In April 2005, in his homily[19] during Mass prior to the conclave which would elect him as Pope, then Cardinal Joseph Ratzinger talked about the world "moving towards a dictatorship of relativism":
How many winds of doctrine we have known in recent decades, how many ideological currents, how many ways of thinking. The small boat of thought of many Christians has often been tossed about by these waves – thrown from one extreme to the other: from Marxism to liberalism, even to libertinism; from collectivism to radical individualism; from atheism to a vague religious mysticism; from agnosticism to syncretism, and so forth. Every day new sects are created and what Saint Paul says about human trickery comes true, with cunning which tries to draw those into error (cf Ephesians 4, 14). Having a clear Faith, based on the Creed of the Church, is often labeled today as a fundamentalism. Whereas, relativism, which is letting oneself be tossed and "swept along by every wind of teaching", looks like the only attitude acceptable to today's standards. We are moving towards a dictatorship of relativism which does not recognize anything as certain and which has as its highest goal one's own ego and one's own desires. However, we have a different goal: the Son of God, true man. He is the measure of true humanism. Being an "Adult" means having a faith which does not follow the waves of today's fashions or the latest novelties. A faith which is deeply rooted in friendship with Christ is adult and mature. It is this friendship which opens us up to all that is good and gives us the knowledge to judge true from false, and deceit from truth.
On June 6, 2005, Pope Benedict XVI told educators:
Today, a particularly insidious obstacle to the task of education is the massive presence in our society and culture of that relativism which, recognizing nothing as definitive, leaves as the ultimate criterion only the self with its desires. And under the semblance of freedom it becomes a prison for each one, for it separates people from one another, locking each person into his or her own 'ego'.[20]
Then during the World Youth Day in August 2005, he also traced to relativism the problems produced by the communist and sexual revolutions, and provided a counter-counter argument.[21]
In the last century we experienced revolutions with a common programme–expecting nothing more from God, they assumed total responsibility for the cause of the world in order to change it. And this, as we saw, meant that a human and partial point of view was always taken as an absolute guiding principle. Absolutizing what is not absolute but relative is called totalitarianism. It does not liberate man, but takes away his dignity and enslaves him. It is not ideologies that save the world, but only a return to the living God, our Creator, the Guarantor of our freedom, the Guarantor of what is really good and true.

Criticisms

A common argument[22][23][24][25] against relativism suggests that it inherently contradicts, refutes, or stultifies itself: the statement "all is relative" classes either as a relative statement or as an absolute one. If it is relative, then this statement does not rule out absolutes. If the statement is absolute, on the other hand, then it provides an example of an absolute statement, proving that not all truths are relative. However, this argument against relativism only applies to relativism that positions truth as relative–i.e. epistemological/truth-value relativism. More specifically, it is only extreme forms of epistemological relativism that can come in for this criticism as there are many epistemological relativists[who?] who posit that some aspects of what is regarded as factually "true" are not universal, yet still accept that other universal truths exist (e.g. gas laws or moral laws).

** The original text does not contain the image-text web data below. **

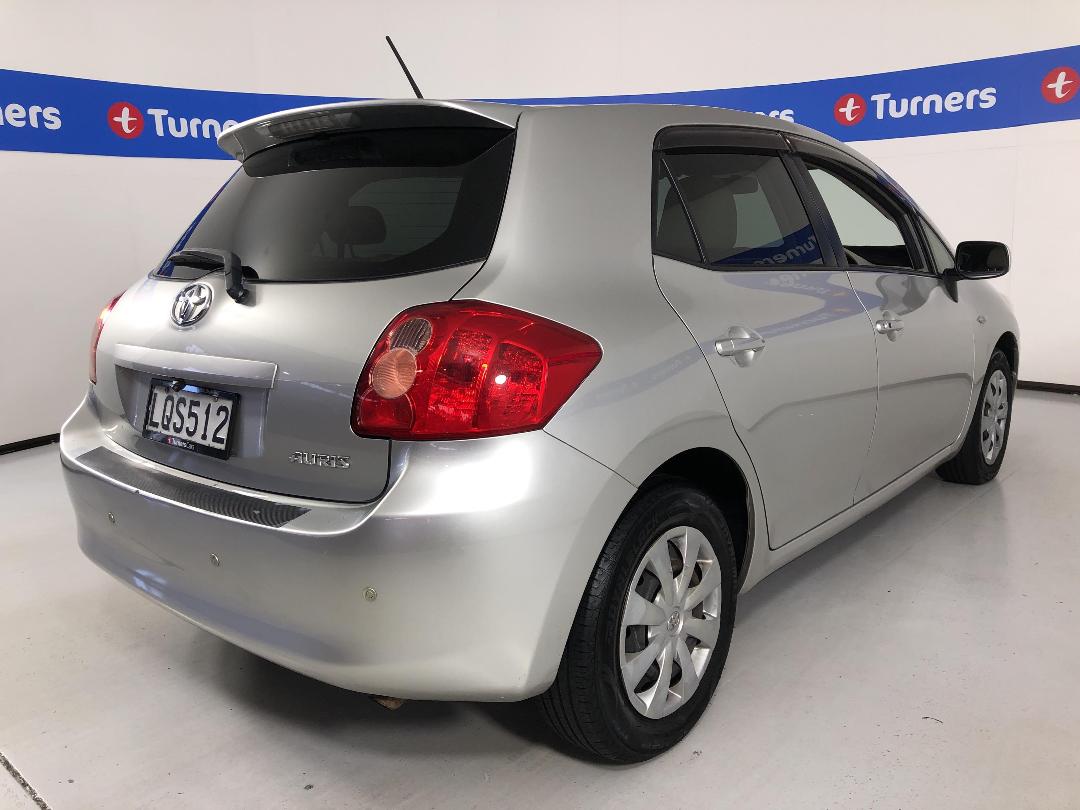 Photo '7' of Toyota Auris Photo '7' of Toyota Auris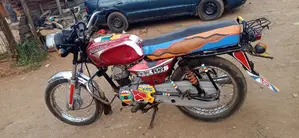 Bajaj Boxer 100 2021 Red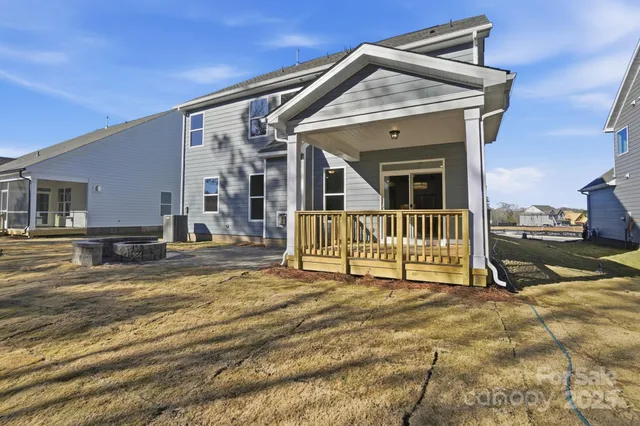 $611,500 | 1418 Crooked Stick Drive, Rock Hill, SC 29730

Another argument against relativism posits a Natural Law. Simply put, the physical universe works under basic principles: the "Laws of Nature". Some contend that a natural Moral Law may also exist, for example as argued by Richard Dawkins in The God Delusion (2006)[26] and addressed by C. S. Lewis in "Mere Christianity" (1952).[27] Dawkins said "I think we face an equal but much more sinister challenge from the left, in the shape of cultural relativism - the view that scientific truth is only one kind of truth and it is not to be especially privileged".[28] Philosopher Hilary Putnam,[29] among others,[30] states that some forms of relativism make it impossible to believe one is in error. If there is no truth beyond an individual's belief that something is true, then an individual cannot hold their own beliefs to be false or mistaken. A related criticism is that relativizing truth to individuals destroys the distinction between truth and belief.

Views

Indian religions

Indian religions tend to view the perceivable universe and cosmos as relativistic.[citation needed]  Mahavira (599-527 BC), the 24th Tirthankara of Jainism, developed an early philosophy regarding relativism and subjectivism known as Anekantavada. Hindu religion has no theological difficulties in accepting degrees of truth in other religions. A Rig Vedic hymn states that "Truth is One, though the sages tell it variously." (Ékam sat vipra bahudā vadanti)

Madhyamaka Buddhism, which forms the basis for many Mahayana Buddhist schools and was founded by Nagarjuna, discerns two levels of truth, absolute and relative. The two truths doctrine states that there is Relative or common-sense truth, which describes our daily experience of a concrete world, and Ultimate truth, which describes the ultimate reality as sunyata, empty of concrete and inherent characteristics. The conventional truth may be interpreted as "obscurative truth" or "that which obscures the true nature" as a result. It is constituted by the appearances of mistaken awareness. Conventional truth would be the appearance that includes a duality of apprehender and apprehended, and objects perceived within that. Ultimate truths, are phenomena free from the duality of apprehender and apprehended.[31]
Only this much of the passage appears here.